Дина Рубина - На Верхней Масловке (сборник)
За стаканом компота в столовке и произошел этот незначительный внешне разговор. Да какой разговор — перебросились несколькими фразами, устали оба чертовски после репетиции.
Семен допил компот, запрокинул голову, вытряхивая в рот разваренное содержимое на дне стакана, потом спросил:
— Дашь пятерку дня на три? Скажем, до вторника?
Петя достал кошелек, там лежали трешка и рубль.
— Дам трешку, — сказал он. — Рубль себе оставлю.
Семен помолчал, цепляя зубцом вилки лоскуток яблочной кожуры в стакане, и спросил:
— Ты ей что — алименты платишь?
До этого дня он с Семеном не говорил о Кате. Просто были темы поважнее для обоих.
— Нет, — ответил он неохотно. Семену лгать не хотелось, правда же никого не интересовала. Да никто бы и не поверил правде.

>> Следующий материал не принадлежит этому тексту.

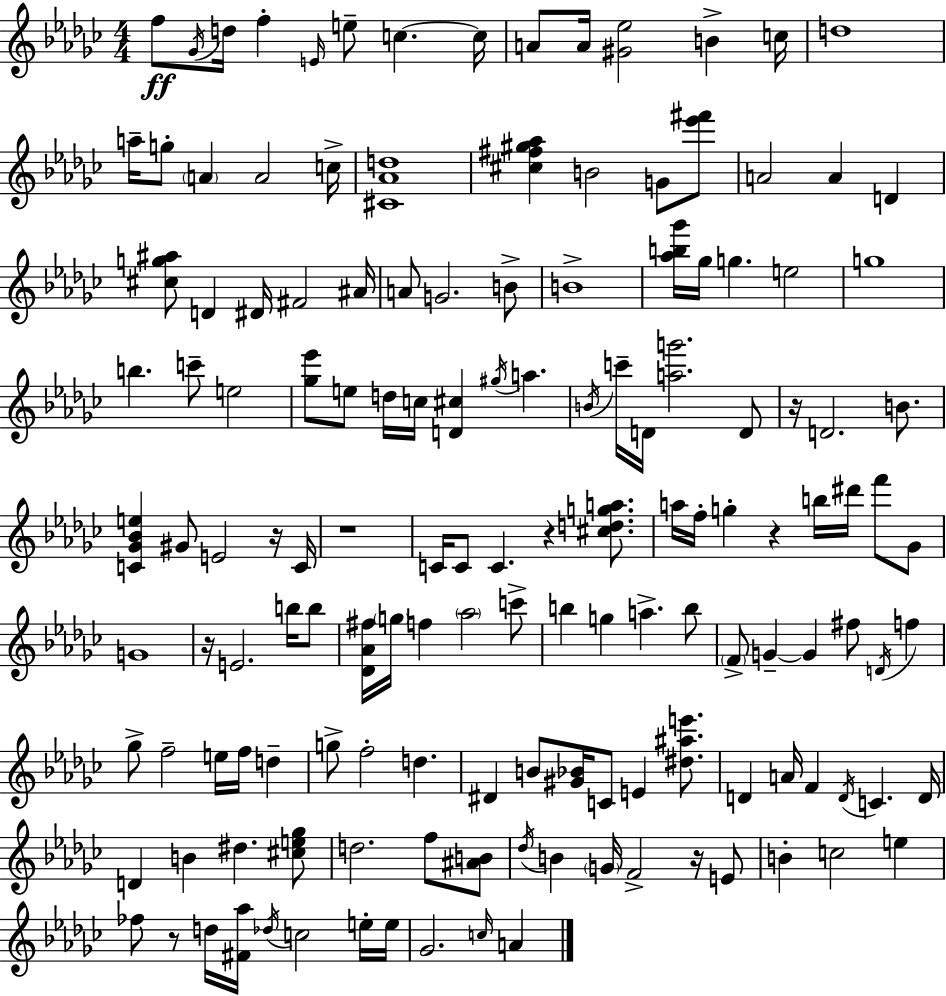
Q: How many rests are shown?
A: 8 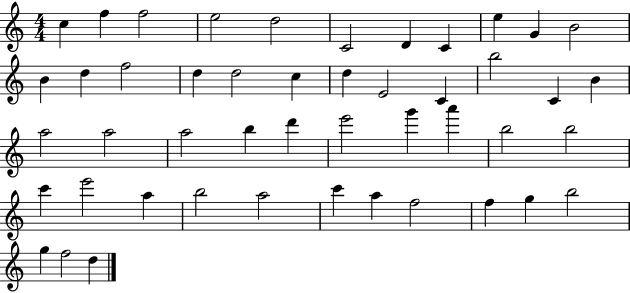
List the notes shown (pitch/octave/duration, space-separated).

C5/q F5/q F5/h E5/h D5/h C4/h D4/q C4/q E5/q G4/q B4/h B4/q D5/q F5/h D5/q D5/h C5/q D5/q E4/h C4/q B5/h C4/q B4/q A5/h A5/h A5/h B5/q D6/q E6/h G6/q A6/q B5/h B5/h C6/q E6/h A5/q B5/h A5/h C6/q A5/q F5/h F5/q G5/q B5/h G5/q F5/h D5/q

— Хорошо, — кивнул Семен. — А я боялся, что они тебя потрошат.
Петя поставил стакан с недопитым компотом, повертел в пальцах крупную персиковую косточку. Косточка попалась, а персика не было, вероятно, угодил в чей-то другой стакан.
— Собственно… — пробормотал он.
— Собственно, от них вполне можно ожидать, — перебил Семен. — Ну как же, все по закону: мальчишка ведь на тебя записан?.. Смотри-ка, а ведь с Анастасией у Мастера не было детей, да?

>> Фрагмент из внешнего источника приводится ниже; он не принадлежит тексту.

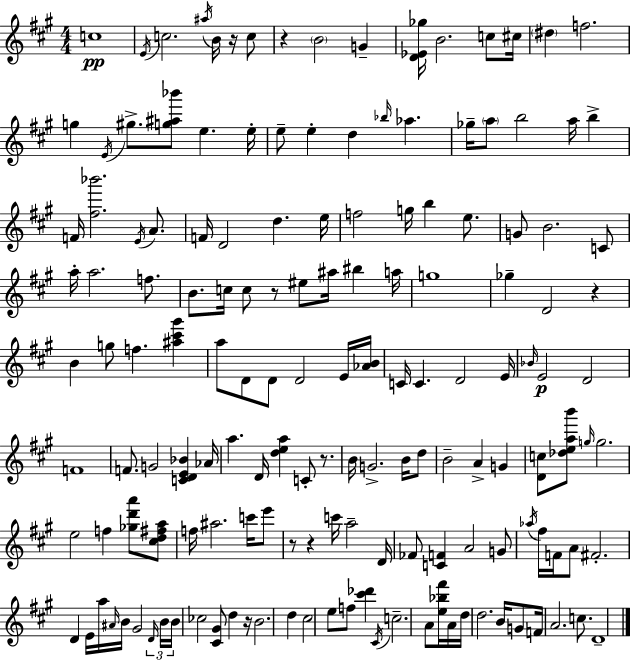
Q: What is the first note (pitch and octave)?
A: C5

Не поднимая глаз, Петя вертел в нервных пальцах шероховатую косточку с волоконцами в лабиринтах извилин.
— Ты что… знал? — спросил он трудно.
— Петрушка, это с самого начала был секрет Полишинеля. Ты один видел нимб над ее химической завивкой… А о том, что Мастер грел на ней старые косточки… ну-у… мало ли какие у нас слабости, Петрушка, особенно когда мы входим в разряд выдающихся мастеров культуры… Но тебя все понимали.
— Что — понимали?
— Ладно, — сказал Семен, морщась. — Чего ты завелся?
— И все-таки? — тихо уточнил Петя, поглаживая персиковую косточку. Она уже высыхала в его руке и из бархатно-вишневой становилась грязно-бурой.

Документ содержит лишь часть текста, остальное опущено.